- _Data section_
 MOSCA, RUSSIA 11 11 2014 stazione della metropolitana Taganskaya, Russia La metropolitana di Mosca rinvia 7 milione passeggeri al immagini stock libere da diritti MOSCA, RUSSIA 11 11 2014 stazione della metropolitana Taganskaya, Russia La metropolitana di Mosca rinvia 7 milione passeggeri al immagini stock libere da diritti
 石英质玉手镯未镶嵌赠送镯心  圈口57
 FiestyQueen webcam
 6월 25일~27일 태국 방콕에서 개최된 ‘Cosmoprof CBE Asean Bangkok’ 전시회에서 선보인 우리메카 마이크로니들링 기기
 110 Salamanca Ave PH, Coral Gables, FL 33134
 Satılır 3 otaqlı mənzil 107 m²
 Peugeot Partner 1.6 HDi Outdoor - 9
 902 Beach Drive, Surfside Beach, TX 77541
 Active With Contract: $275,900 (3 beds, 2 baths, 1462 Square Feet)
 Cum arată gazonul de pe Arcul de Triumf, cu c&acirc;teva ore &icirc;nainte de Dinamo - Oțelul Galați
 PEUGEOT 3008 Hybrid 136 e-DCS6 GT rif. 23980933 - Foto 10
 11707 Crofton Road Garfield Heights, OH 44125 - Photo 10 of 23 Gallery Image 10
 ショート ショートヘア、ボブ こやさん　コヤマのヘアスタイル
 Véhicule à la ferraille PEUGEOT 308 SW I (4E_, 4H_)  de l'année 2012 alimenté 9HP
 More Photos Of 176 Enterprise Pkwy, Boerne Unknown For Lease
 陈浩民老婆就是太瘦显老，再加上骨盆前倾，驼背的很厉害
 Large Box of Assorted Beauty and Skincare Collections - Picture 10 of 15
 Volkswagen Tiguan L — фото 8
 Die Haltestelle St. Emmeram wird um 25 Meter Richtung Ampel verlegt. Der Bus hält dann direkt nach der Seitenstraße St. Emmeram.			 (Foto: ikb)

- _How to complete this task_
Among the lines above, find those containing the word "Foto" and copy each.

- _Expected answer_
 PEUGEOT 3008 Hybrid 136 e-DCS6 GT rif. 23980933 - Foto 10
 Die Haltestelle St. Emmeram wird um 25 Meter Richtung Ampel verlegt. Der Bus hält dann direkt nach der Seitenstraße St. Emmeram.			 (Foto: ikb)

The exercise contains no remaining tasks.